What makes one cell type different from another is the collection of proteins that they produce, which allows the cells to take on different shapes and functions.
For example, a neuron, which transmits impulses that allow us to think and move, has a very different role in the body from the cells that line our intestines and absorb nutrients. To make a neuron from a stem cell, the action of proteins called transcription factors make the stem cell gradually more specialized. Transcription factors work by turning on some genes, while turning other genes off.
Zhang’s team treated the human embryonic stem cells with a transcription factor called ‘Sonic Hedgehog’ or a chemical that mimics its affects, and triggered the cells to transform into neurons. These man-made neurons looked like mature medium spiny neurons – the specific cells lost early on in Huntington’s disease.
Replacing neurons in the mouse brain
In the past, before the genetic basis for Huntington’s disease was understood, researchers would model the disease in mice by treating them with a neurotoxin called Quinolinic acid.
Quinolinic acid treatment doesn’t cause HD, but it causes medium spiny neurons in the striatum to die, which also happens in HD.
These days, mouse models are much more advanced – they carry CAG repeat mutations in the mouse huntingtin gene or an extra copy of a mutant huntingtin gene. These genetic mouse models experience physical and behavioural symptoms similar to the real disease.
In their recent work, Zhang’s group used Quinolinic acid to mimic the cell loss in Huntington’s Disease, and then replaced the lost cells by injecting the medium spiny neuron-like cells they generated from human embryonic stem cells.

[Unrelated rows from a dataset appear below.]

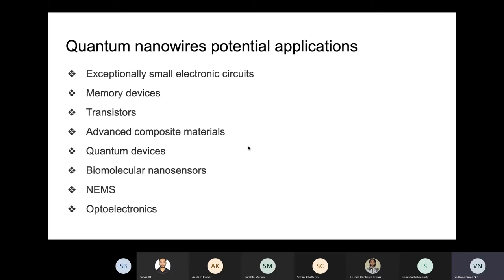Nanowires have potential applications including exceptionally small electronic circuits for memory devices and transistors, and advanced composite materials - already realized - where nano wires embedded in bulk materials increase both strength and flexibility.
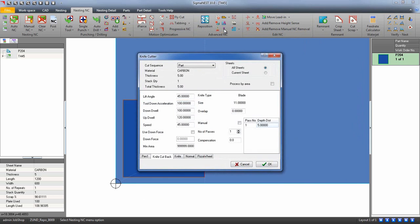A menu will appear with a few settings. These settings should be set up and preconfigured inside your knife machine post. If not, you may need to enter them in manually.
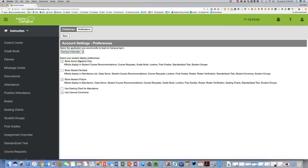You can also check whether you want to show active students only in your class. If this is unchecked, students who have dropped or transferred out will still remain on your roster but highlighted in a different color. You can select whether to show a student picture or number, and use the seating chart for attendance or canned comments. When done, click Save. You should be all set.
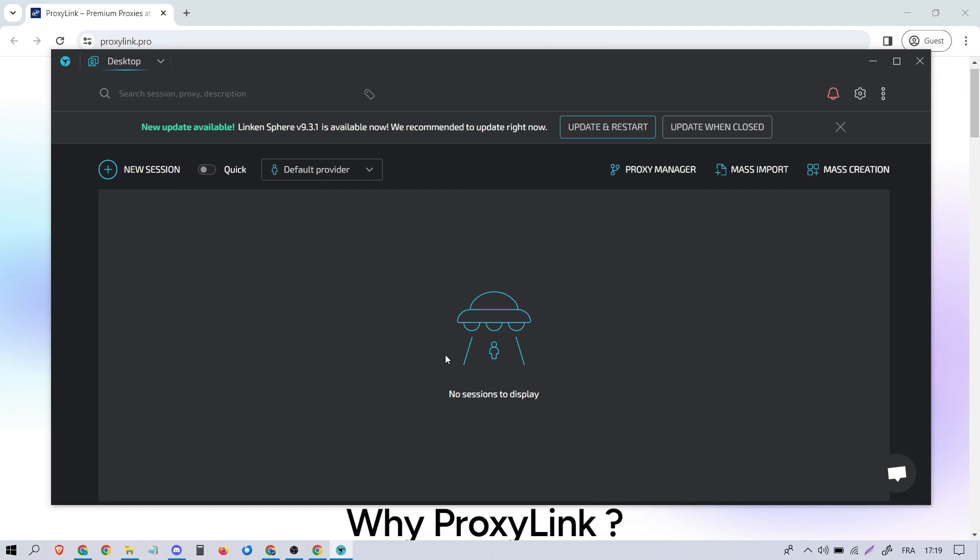Today, I'll be showing you how to configure a residential proxy on Lincoln Sphere, an anti-detect browser. So let's dive right in.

They were happy to discover that not only did the newly formed neurons grow in the brains of the mice, but they were also able form the correct connections with surrounding tissues. When the movement functions of the mice were tested, they showed moderate improvement in symptoms.
Hopes and limitations
This work is hopeful, as it suggests that transplanted neurons have more capacity to form functional connections than previously predicted. That means that cell-based therapy for Huntington’s disease could be a real possibility in the future.
However, it must be noted that this study uses a Quinolinic acid treated mouse model, where the other, unaffected neurons are healthy. That’s not the case in a real HD-affected brain. The formation of healthy connections may be more difficult in HD patients.
Furthermore, the mice used in this study received radiation treatment to disable the immune system, meaning that they will not reject the transplanted tissues. Although the brain is usually protected from our immune systems, there is still a be risk of rejection of the transplanted tissue after surgery. So if this were tried in human patients, they’d likely need to take drugs to suppress the immune system, putting them at risk of developing serious infections.
With cell-based therapy, especially using tissues generated from embryonic stem cells, there is also a risk of uncontrolled cell growth – which could result in cancer. There are real questions about how we stop the transplanted cells from growing when they’re done replacing the dead cells.
Clearly, cell replacement treatments will need to be further refined before any clinical trials can take place. But this new piece of work suggests that new neurons might be more flexible than we previously thought.